There is not much room for misty-eyed sentimentalism in business. Nor can trade be the ultimate solvent for dissolving longstanding geopolitical tensions between squabbling neighbours. Yet, its potential for bringing people together and creating a constituency that sees the mutual economic benefits flowing from such engagement is also something one cannot ignore. The best example here is the commercial pact signed between China and Taiwan in June 2010, which, by no means, ends disputes over the latter's independent-nation claims. But by opening up its huge market to the produce of farmers and fishermen in Taiwan, China has certainly earned more goodwill than through an earlier muscular foreign policy that bordered on the belligerent. The same holds for Indo-Pakistan trade relations, which cannot plausibly ever resolve issues relating to Kashmir or terrorism. What they can do, nevertheless, is to keep these disputes in a separate ‘we-shall-agree-to-disagree' box, and go ahead doing business as the Chinese and the Taiwanese today are: Annual bilateral trade between the two has crossed $150 billion, compared with the paltry $ 2.7 billion official figure for India and Pakistan in 2010-11.
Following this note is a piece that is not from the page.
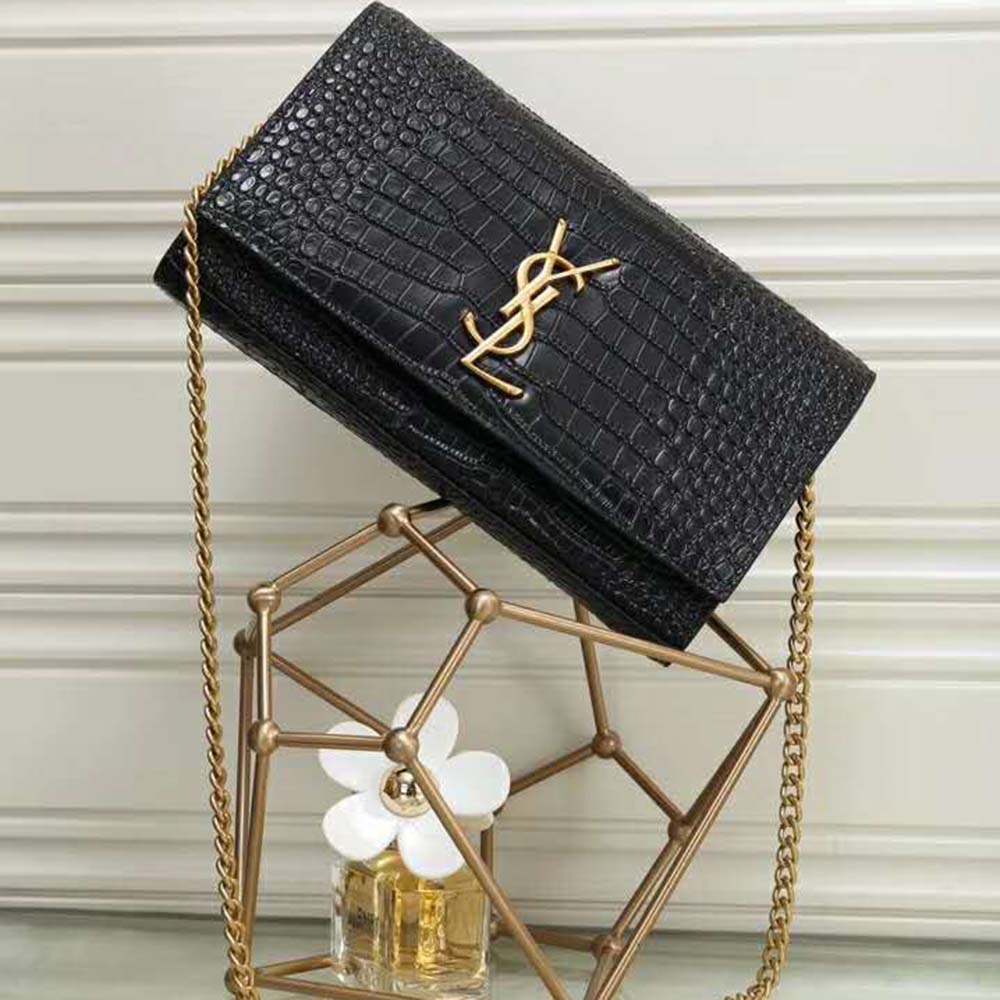 Close-up detail of YSL gold hardware on black crocodile-embossed leather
It is in this light that one must appreciate the conscious steps, especially since 2011, taken by India and Pakistan to ‘normalise' trade with one another. Pakistan, on its part, has decided to accord Most Favoured Nation (MFN) status to India. Technically, it means treating imports from India on a par with that from other countries. Pakistan currently maintains a ‘positive list' of 1,945 goods that alone are importable from India. This is to be replaced by a ‘negative list' of some 700 items, which, too, is supposed to be phased out as part of the plan to grant MFN status to India by end-2012. The ‘negative list' was to have been announced during the Commerce Minister, Mr Anand Sharma's current Pakistan visit, but it appears that reservations from within the government and industry there have forced a deferment. That shouldn't surprise anyone, though one ought not to make too much out of it either. India should, in any case, keep its side of the bargain by addressing Pakistani concerns over non-tariff barriers on cement, textiles, surgical instruments and leather imports. There is no reason for India to not iron out wrinkles in its product certification and testing standard procedures, notwithstanding Pakistani intransigence on meeting trade commitments under the World Trade Organisation (WTO). How much cement, after all, can Pakistan export to India? Also, if incremental supplies from Pakistan result in cheaper cement prices, consumers here benefit.
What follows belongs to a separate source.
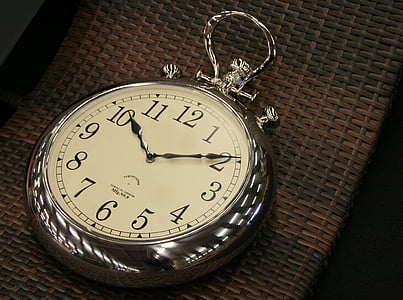 round silver-colored pocket watch time check at 10:10 thumbnail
The above ‘soft' approach of extending trade concessions without expecting too much in return is not at all incompatible with a ‘hard' stance on security-related matters. On the contrary, it lends more credibility to India's position at various international forums. Denial of MFN status is something that India can easily raise at the WTO’s Dispute Settlement Body. By not doing so, India has already scored a moral victory – a fact acknowledged even by some Pakistani commentators.